Ao longo do tempo esta situação foi se multiplicando e gradativamente afastando a Igreja de Cristo dos seus propósitos originais. Hoje, vemos muitos exemplos que afetam negativamente a imagem do Reino de Deus, a partir do testemunho de líderes comprometidos somente com seus próprios interesses. A regra se alterou e a igreja que antes estava a serviço do Reino de Deus, agora tenta colocar Deus como um mordomo a serviço dos interesses da igreja.

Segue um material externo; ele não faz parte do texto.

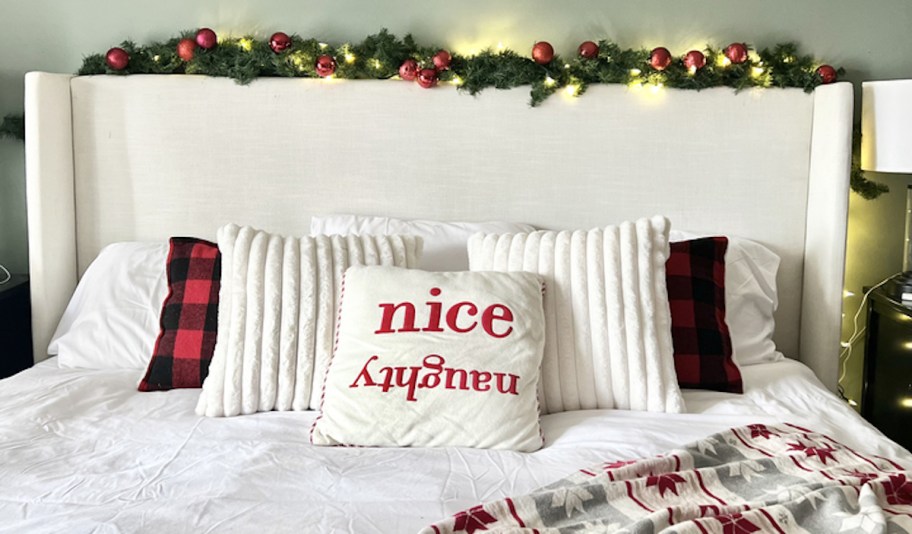 headboard with garland and festive holiday pillows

A ganância tem agido para destruir o que o Amor de Deus construiu de maneira especial na história da humanidade: a comunhão, o amor, a compaixão, a igualdade entre todos, a paz e harmonia no Espírito Santo.



A ganância traz a soberba, traz a indiferença e a mentira, destrói a comunhão e impede a compaixão. Tão nociva e tão real em nosso meio que tem levado pastores a processarem igrejas, membros a processarem pastores, disputas entre nós, o povo de Deus, que somente demonstram o quanto temos nos afastado da comunhão proposta por Deus para nós.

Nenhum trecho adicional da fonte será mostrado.